Mr. Sim bought $\displaystyle N$ files at $\displaystyle p$ cents each . . . and paid 33750¢
. . $\displaystyle Np\:=\:33750\qiad\Rightarrow\quad p = \frac{33750}{N}$ [1]

For the same amount, he could buy $\displaystyle N+10$ files at $\displaystyle p - 20$ cents each.
. . $\displaystyle (N+10)(p - 20)\:=\:33750$ [2]

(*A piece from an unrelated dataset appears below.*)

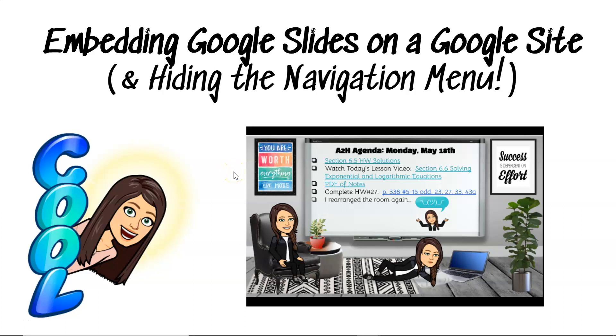Hey everyone, this is Jillian Graham and in this tutorial I'm going to show you how to embed Google Slides on a Google site and show you an option where if you wanted, you could hide the navigation menu in the embedded slide.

Substitute [1] into [2]: .$\displaystyle (N + 10)\left(\frac{33750}{N} - 20\right) \;= \;33750$

We have: .$\displaystyle 33750 - 20N + \frac{337500}{N} - 200\;=\;33750$

Multiply by $\displaystyle N:\;\;-20N^2 + 337500 - 200N\;=\;0$

Divide by $\displaystyle -20:\;\;N^2 + 10N - 16875\;=\;0$

This quadratic factors: .$\displaystyle (N - 125)(N + 135) \;= \;0$

. . and has the positive root: .$\displaystyle \boxed{N = 125}$

Substitute into [1]: .$\displaystyle p = \frac{33750}{125}\quad\Rightarrow\quad\boxed{p = 270}$

Therefore, he bought $\displaystyle 125$ files at $\displaystyle \$2.70$each. ~ ~ ~ ~ ~ ~ ~ ~ ~ ~ ~ ~ ~ ~ ~ ~ ~ ~ ~ ~ ~ ~ ~ ~ ~ ~ ~ ~ ~ ~ Check He could buy$\displaystyle 135$files at$\displaystyle \$2.50$ each
. . It would cost: .$\displaystyle 135 \times \$2.50 \,=\,\$337.50$ . . . check!